No doctrine, no preliminary theory governs this collection, where we are only sensitive to a certain spiritual climate intermediate between Stoicism and Epicureanism, which is not without reminding us a little of Montaigne, on the subject of whose figure he was here treated wonderfully with physiognomy. Wonderfully, yes, too bad for the big word, the very example of what displeases J. P. when he stands in the camp of Jules Renard. But there are these texts, generally short, which are inhabited by the happiness we had in writing them and which give others the rare joy of reading. And the Portrait of Montaigne is one of them. I would also like to say a few words of a certain ambiguity.
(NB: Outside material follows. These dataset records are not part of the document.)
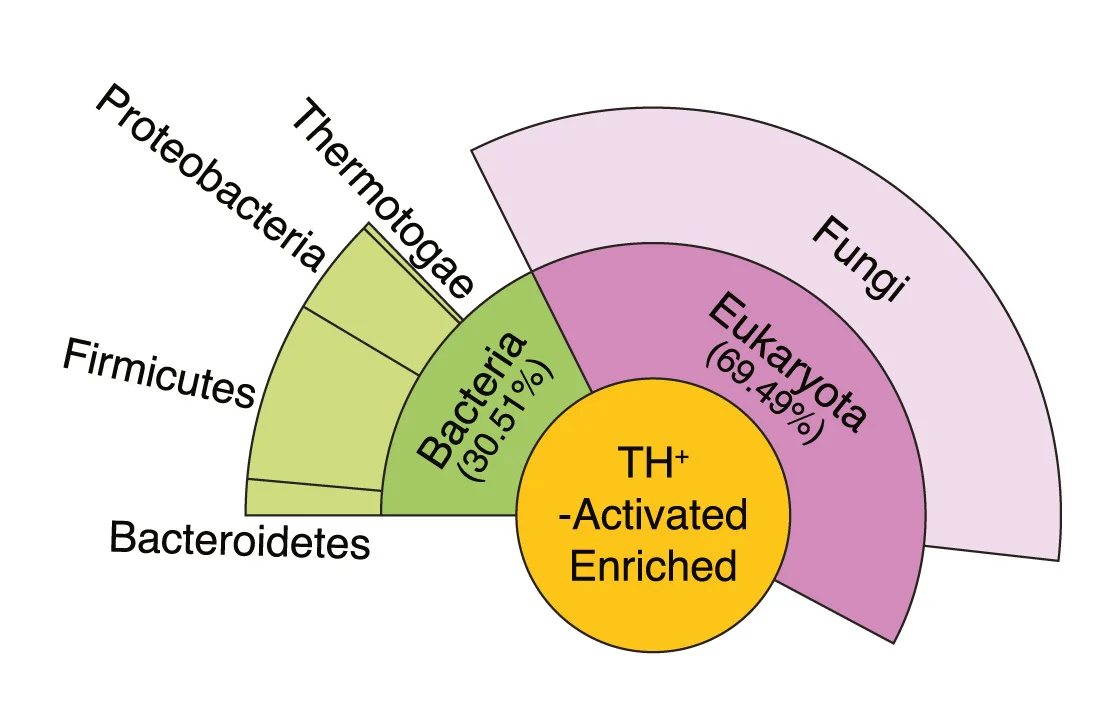 Unipept metaproteomics analysis of upregulated microbial proteins (fold change > 2, pnom.< 0.2) in TH+-activated and ChAT+-activated mice (n = 7–9 mice per group). Source data for (E) and (F) can be found at https://github.com/mazmanianlab/Griffiths_Yoo_et_al/blob/main/proteomics/metaproteomics/Microbiome_associated_proteins.xlsx.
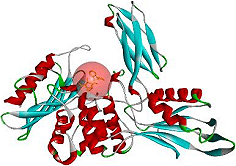 Figure 3. Chain A of the penicillin-binding protein with co-crystal ligand.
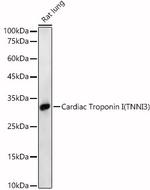 Cardiac Troponin I Antibody in Western Blot (WB)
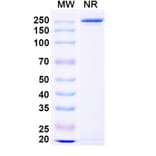 Dose-response - Anti-ADAM17 Antibody [MEDI3622] Biosimilar - BSA and Azide free (A339319) - Antibodies.com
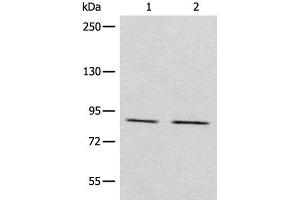 Western blot analysis of Raji and A431 cell lysates using MARK2 Polyclonal Antibody at dilution of 1:800 (MARK2 antibody)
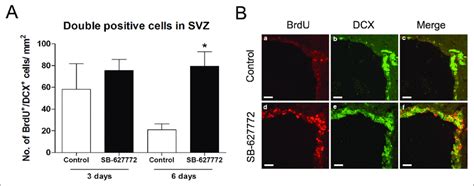 Gsk3β Inhibitor Promotes Neurogenesis In The Subventricular Zone Svz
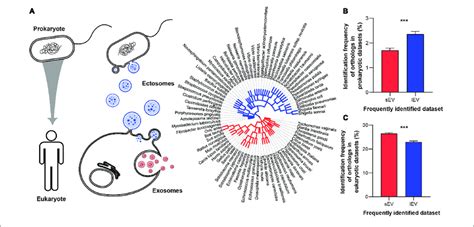 Protein Components Of SEVs And LEVs Show Different Evolutionary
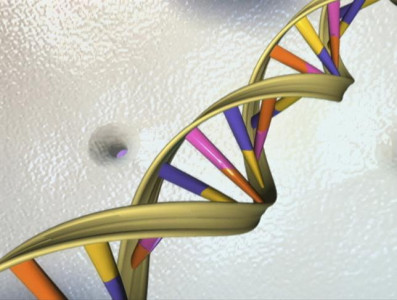 pakistan sequences genome of medically important fly pakistan sequences genome of medically important fly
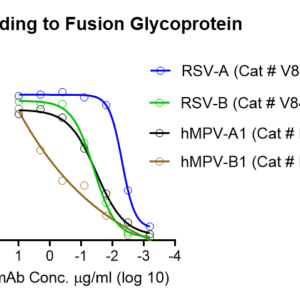 anti rsv and hmpv cross reactive f monoclonal antibody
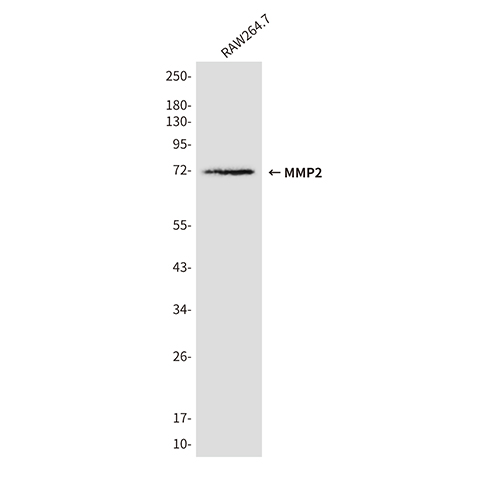 MMP2 (3A8) Mouse Monoclonal Antibody | 鼠单抗 | EnkiLife恩玑生命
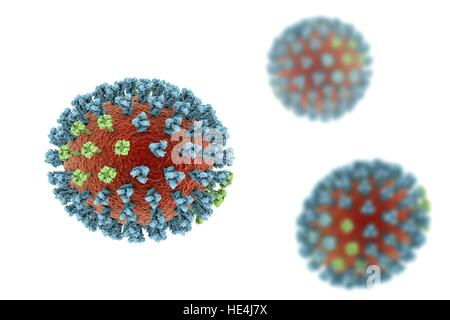 Bird flu virus. 3D illustration of avian influenza H5N8 virus particles. Within the viral lipid envelope (orange) are two types of protein spike, hemagglutinin (H, blue) and neuraminidase (N, green), which determine the strain of virus. This strain of the virus has caused disease in wild birds and poultry in Europe and Asia since June 2016. Unusually, the virus causes mortality in wild birds, which are more often silent carriers. As of December 2016 no human cases of the disease have been reported, and risk of transmission to humans is thought to be low. Stock Photo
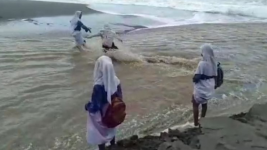 Viral! Demi Berangkat Sekolah,  Murid di Pulau Seram, Maluku, Menyeberangi Sungai 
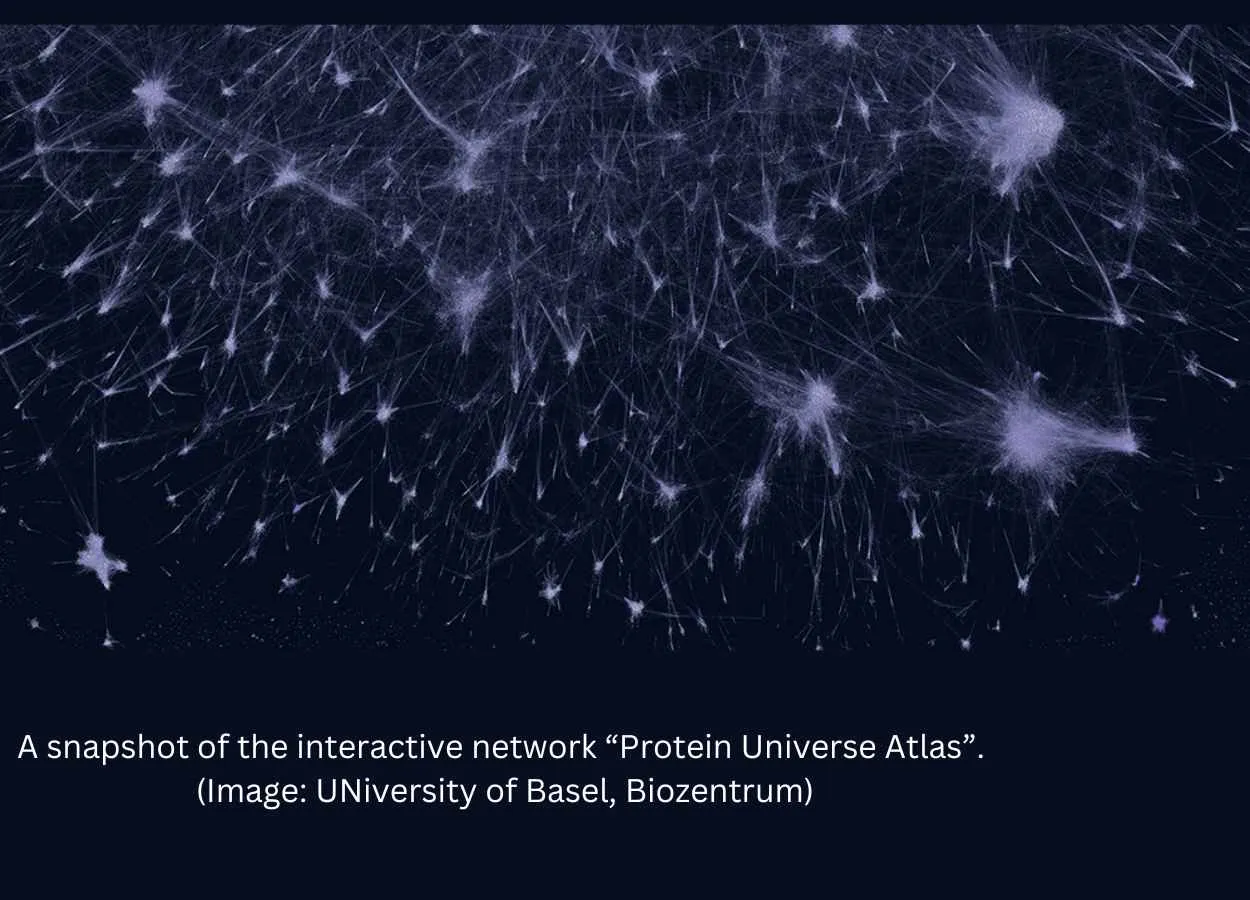 Artificial Intelligence tools shed light on millions of proteins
It seems to me that J. P. always put up with extreme positions, and that he never had to make an effort to move from one to the other. Better: I believe that more than anyone he has the art of simultaneously occupying spiritual positions located at the antipodes of each other. When he stands, as he frequently does, in what I call the Jules Renard camp, it is the simplicity and nudity of thought and expression that he rallies around, and it is for a terrorist classicism, in short, that he votes (or fights). However, this taking of sides does not cause him any difficulty in loving or defending the works of people who, like Cingria, Malcolm de Chazal, hold high the precious flag, baroque even in the second case. And Sade's thought nor that of Pauline Réage are undoubtedly of classical substance (they go back and forth between baroque and romantic). In the political domain, which is not my business, has not J. P. demonstrated that ambiguity is the necessary condition for freedom of mind? That's not all. Because in his most recent writings, in his Discourse to the Academy, among others, J. P. frequently returns to this notion (it is much more than an idea) of the coexistence of extremes and the equivalence of opposite poles. In a way, it broadens the principle of non-exclusion which since Heisenberg's relation has become one of the keys to modern mathematics and physics. That he grasped there something like a key to the universe and, what is more interesting, to the human mind, I would be inclined to believe.
Knowledge and love have the effect of abolishing oppositions. This is, broadly speaking, one of the good lessons that these critical examples have just given us. Balloon obstacles will have been deflated on our route. With a little surprise at first, we will have agreed to let poetry descend from the clouds and raise prose from the mud where fanaticism would have wanted to confine it. Loving literature very much, but not making it, as they say, a drama, here is a critical attitude which is strictly modern; even more modern if the passion is pushed to the point of putting literature on the same level as the sciences and religions in the scaffolding of this prodigious artifice which is man. The best of the new writers in French, Italian, English, Spanish (from Latin America), Swedish, I know that's how they think. Some have read Jean Paulhan, others have not, but his spirit has spread throughout the thought of the whole world, and all have received an echo of this great low voice which speaks of literature and language with such meaning and irony.